The driver also supports matching user-defined data within the packet payload.
This flexible data is specified using the "user-def" field of the ethtool
command in the following way:
+----------------------------+--------------------------+
| 31 28 24 20 16 | 15 12 8 4 0 |
+----------------------------+--------------------------+
| offset into packet payload | 2 bytes of flexible data |
+----------------------------+--------------------------+
For example,
... user-def 0x4FFFF ...
tells the filter to look 4 bytes into the payload and match that value against
0xFFFF. The offset is based on the beginning of the payload, and not the
beginning of the packet. Thus
flow-type tcp4 ... user-def 0x8BEAF ...
would match TCP/IPv4 packets which have the value 0xBEAF 8 bytes into the
TCP/IPv4 payload.
Note that ICMP headers are parsed as 4 bytes of header and 4 bytes of payload.
Thus to match the first byte of the payload, you must actually add 4 bytes to
the offset. Also note that ip4 filters match both ICMP frames as well as raw
(unknown) ip4 frames, where the payload will be the L3 payload of the IP4 frame.
The maximum offset is 64. The hardware will only read up to 64 bytes of data
from the payload.
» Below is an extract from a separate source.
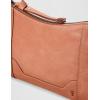 image:imageFrye Womens Melissa Zip Crossbody Bag Stylish Handbag with Adjustable Strap amp PocketsApricot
The offset must be even because the flexible data is 2 bytes
long and must be aligned to byte 0 of the packet payload.
The user-defined flexible offset is also considered part of the input set and
cannot be programmed separately for multiple filters of the same type. However,
the flexible data is not part of the input set and multiple filters may use the
same offset but match against different data.
RSS Hash Flow
-------------
Allows you to set the hash bytes per flow type and any combination of one or
more options for Receive Side Scaling (RSS) hash byte configuration.
# ethtool -N <ethX> rx-flow-hash <type> <option>
Where <type> is:
tcp4 signifying TCP over IPv4
udp4 signifying UDP over IPv4
tcp6 signifying TCP over IPv6
udp6 signifying UDP over IPv6
And <option> is one or more of:
s Hash on the IP source address of the Rx packet.
d Hash on the IP destination address of the Rx packet.
f Hash on bytes 0 and 1 of the Layer 4 header of the Rx packet.
n Hash on bytes 2 and 3 of the Layer 4 header of the Rx packet.
Accelerated Receive Flow Steering (aRFS)
----------------------------------------
Devices based on the Intel(R) Ethernet 800 Series support Accelerated Receive
Flow Steering (aRFS) on the PF. aRFS is a load-balancing mechanism that allows
you to direct packets to the same CPU where an application is running or
consuming the packets in that flow.
NOTES:
- aRFS requires that ntuple filtering is enabled via ethtool.
- aRFS support is limited to the following packet types:
- TCP over IPv4 and IPv6
- UDP over IPv4 and IPv6
- Nonfragmented packets
- aRFS only supports Flow Director filters, which consist of the
source/destination IP addresses and source/destination ports.
- aRFS and ethtool's ntuple interface both use the device's Flow Director. aRFS
and ntuple features can coexist, but you may encounter unexpected results if
there's a conflict between aRFS and ntuple requests. See "Intel(R) Ethernet
Flow Director" for additional information.
To set up aRFS:
1. Enable the Intel Ethernet Flow Director and ntuple filters using ethtool.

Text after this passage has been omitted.